About this task
Copy the listing below in full and skip every picture.

Provided data
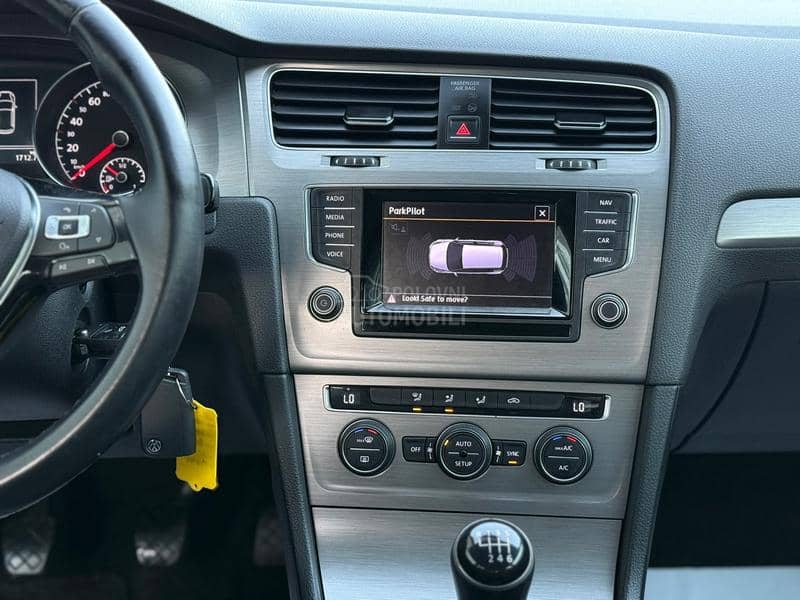 Volkswagen Golf 7 1.6 TDI BLUEMOTION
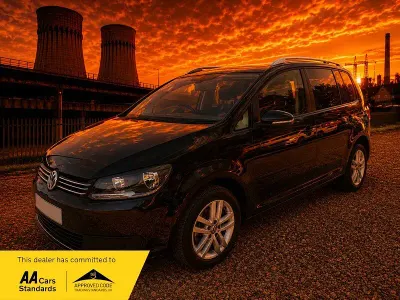 Used VW Touran SE 2015 Black MPV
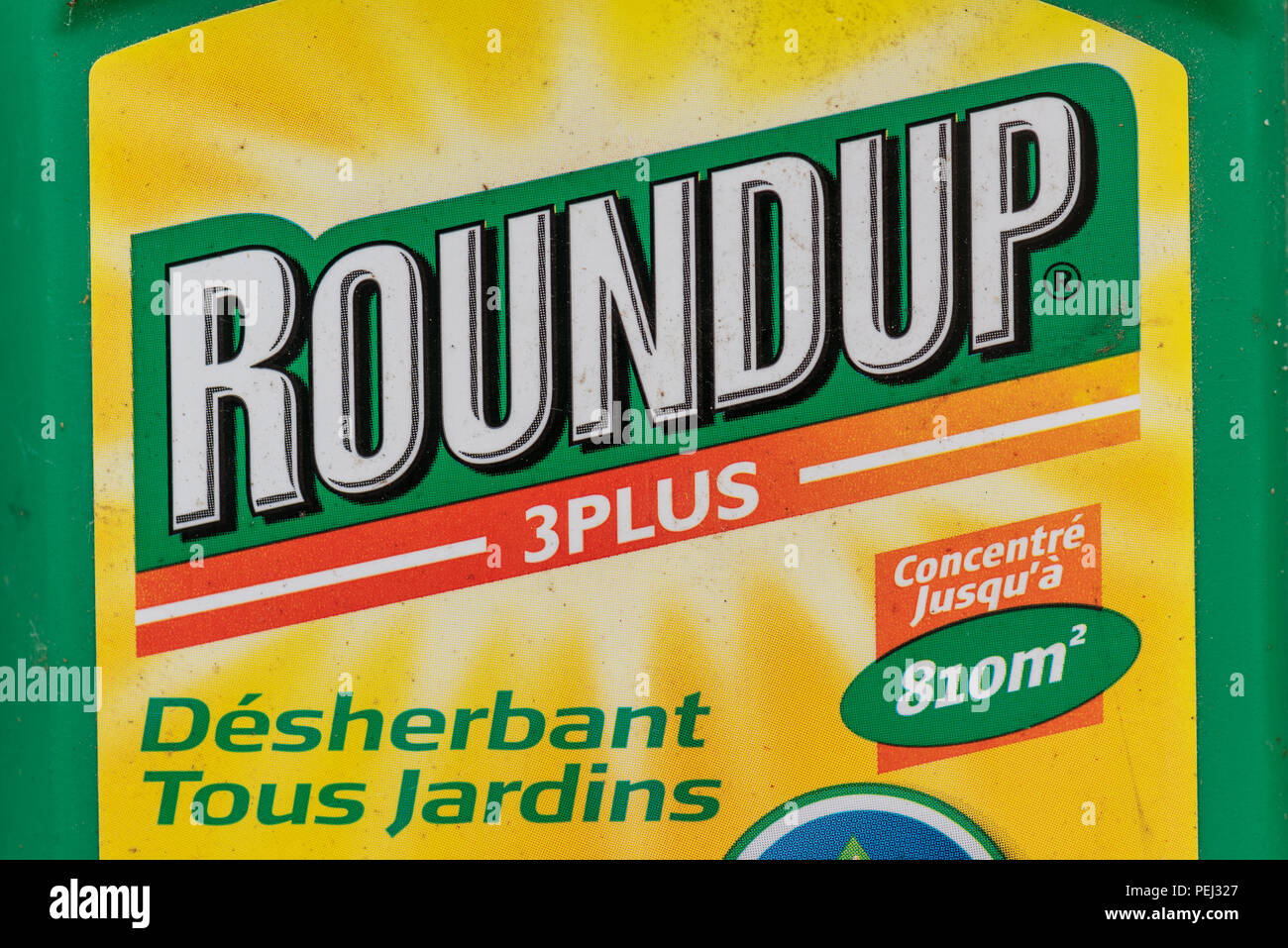 Roundup weedkiller hi-res stock photography and images - Alamy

Solution to the problem
 Volkswagen Golf 7 1.6 TDI BLUEMOTION
 Used VW Touran SE 2015 Black MPV
 Roundup weedkiller hi-res stock photography and images - Alamy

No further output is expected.